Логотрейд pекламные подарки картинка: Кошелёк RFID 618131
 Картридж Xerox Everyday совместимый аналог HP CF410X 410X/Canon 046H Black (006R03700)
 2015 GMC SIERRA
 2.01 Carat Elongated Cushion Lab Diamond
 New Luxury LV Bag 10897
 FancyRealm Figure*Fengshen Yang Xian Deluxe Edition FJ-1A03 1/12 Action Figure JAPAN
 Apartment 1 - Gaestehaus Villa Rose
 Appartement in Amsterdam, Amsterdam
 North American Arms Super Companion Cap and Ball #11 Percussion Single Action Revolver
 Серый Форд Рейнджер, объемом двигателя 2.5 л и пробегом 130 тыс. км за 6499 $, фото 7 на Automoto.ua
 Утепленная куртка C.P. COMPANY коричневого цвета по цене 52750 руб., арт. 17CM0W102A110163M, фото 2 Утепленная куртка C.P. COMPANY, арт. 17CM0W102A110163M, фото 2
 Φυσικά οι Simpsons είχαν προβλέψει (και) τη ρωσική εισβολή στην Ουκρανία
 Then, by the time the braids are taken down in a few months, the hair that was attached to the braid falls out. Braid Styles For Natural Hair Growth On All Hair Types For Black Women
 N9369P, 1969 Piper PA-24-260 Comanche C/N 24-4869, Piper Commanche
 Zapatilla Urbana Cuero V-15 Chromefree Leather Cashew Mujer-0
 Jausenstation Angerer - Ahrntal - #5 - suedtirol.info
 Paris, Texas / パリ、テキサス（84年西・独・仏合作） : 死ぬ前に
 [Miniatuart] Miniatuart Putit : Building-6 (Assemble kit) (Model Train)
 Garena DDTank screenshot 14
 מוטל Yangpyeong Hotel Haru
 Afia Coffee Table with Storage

● BRIEF:
As the exercise requires, copy out the data shown above word for word.

● EXERCISE RESPONSE:
Логотрейд pекламные подарки картинка: Кошелёк RFID 618131
 Картридж Xerox Everyday совместимый аналог HP CF410X 410X/Canon 046H Black (006R03700)
 2015 GMC SIERRA
 2.01 Carat Elongated Cushion Lab Diamond
 New Luxury LV Bag 10897
 FancyRealm Figure*Fengshen Yang Xian Deluxe Edition FJ-1A03 1/12 Action Figure JAPAN
 Apartment 1 - Gaestehaus Villa Rose
 Appartement in Amsterdam, Amsterdam
 North American Arms Super Companion Cap and Ball #11 Percussion Single Action Revolver
 Серый Форд Рейнджер, объемом двигателя 2.5 л и пробегом 130 тыс. км за 6499 $, фото 7 на Automoto.ua
 Утепленная куртка C.P. COMPANY коричневого цвета по цене 52750 руб., арт. 17CM0W102A110163M, фото 2 Утепленная куртка C.P. COMPANY, арт. 17CM0W102A110163M, фото 2
 Φυσικά οι Simpsons είχαν προβλέψει (και) τη ρωσική εισβολή στην Ουκρανία
 Then, by the time the braids are taken down in a few months, the hair that was attached to the braid falls out. Braid Styles For Natural Hair Growth On All Hair Types For Black Women
 N9369P, 1969 Piper PA-24-260 Comanche C/N 24-4869, Piper Commanche
 Zapatilla Urbana Cuero V-15 Chromefree Leather Cashew Mujer-0
 Jausenstation Angerer - Ahrntal - #5 - suedtirol.info
 Paris, Texas / パリ、テキサス（84年西・独・仏合作） : 死ぬ前に
 [Miniatuart] Miniatuart Putit : Building-6 (Assemble kit) (Model Train)
 Garena DDTank screenshot 14
 מוטל Yangpyeong Hotel Haru
 Afia Coffee Table with Storage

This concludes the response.